Friday, August 10, 2012

DOTW Takes A Look At Stock Movements

In the hum-drum days of August, deals have been sparse, but a spate of bad clinical trial results in recent weeks shows how risky pharma R&D is.

The news -- around J&J/Pfizer/Elan's Alzheimer's disease monoclonal antibody bapineuzumab, Merck's 0524b cardiovascular drug, Amgen's pancreatic cancer drug AMG 479, and Bristol's nucleoside polymerase inhibitor for HCV -- led DOTW to wonder about the correlation between clinical trial data releases and biopharma stock prices, and whether negative or positive data has a bigger relative impact. Of course, one can hypothesize, but few rigorous studies of the topic seem to exist, and a host of variables make generalizing difficult. 

The most recent news didn't seem to have much effect on stock prices of the sponsors, likely because investors anticipated the bad news, given the nature of the compounds and previous work done in the class of drugs involved. Nevertheless, thanks to a nudge from pharma analyst Mark Schoenebaum of ISI Group, we came across an article that appeared in Oct. 2011 in the Journal of the National Cancer Institute. Co-authored by Allan Detsky, former physician in chief at Mount Sinai Hospital in Toronto, and colleagues, it studied the stock movements of companies sponsoring Phase III oncology drug trials between Jan. 2000 and Jan. 2009.

The stock prices of companies that owned the drugs were analyzed for 120 trading days before and after the first public announcement of clinical trial results and regulatory decisions. The study found, as follows: "The mean stock price for the 120 trading days before a Phase III trial announcement increased by 13.7% (95% confidence interval) for companies that reported positive trials and decreased by 0.7% (95% confidence interval) for companies that reported negative results...Changes in company stock prices before FDA regulatory decisions did not differ statistically between companies with positive and negative decisions." The implication was that at this "later stage of drug development there is less speculative interest, given that the supporting data are already available."

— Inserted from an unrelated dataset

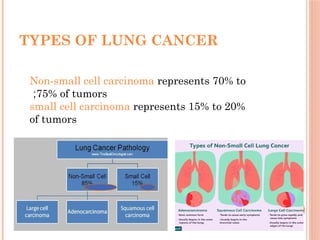 Comprehensive Overview of Lung Cancer: Types, Diagnosis, and Treatment ...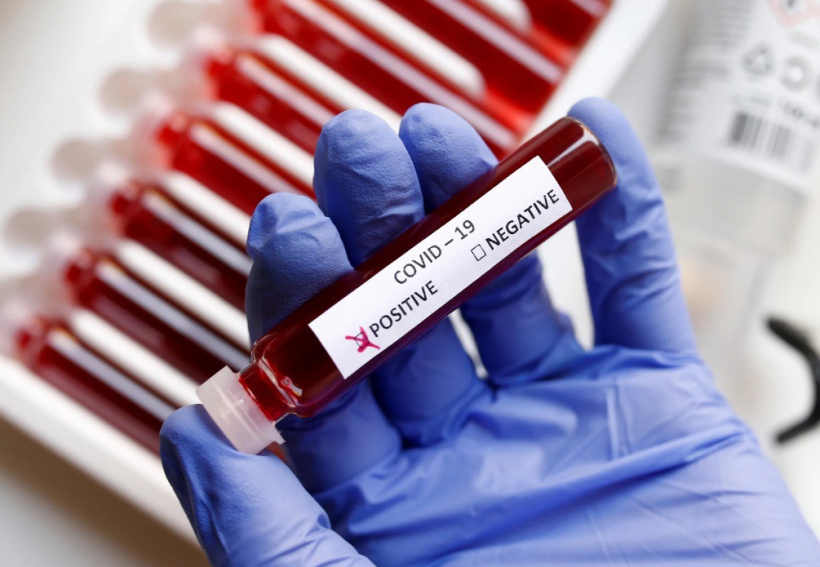 42 случая заболевания коронавирусом выявлено в Королёве за сутки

I'm not entirely sure what this tells investors, given the limitations of the retrospective study and the vagaries of the stock market. But looking for the most accurate drivers of biopharma stock prices, be they clinical trial data results, deal announcements, or M&A, is a key responsibility of biopharma investors and an obsession in the biopharma industry at large. For those who track markets and are scientifically inclined, it offers an analysis in a familiar format and makes for a new ingredient to throw into the mix. Whether it is more than beach reading is in the eye of the beholder.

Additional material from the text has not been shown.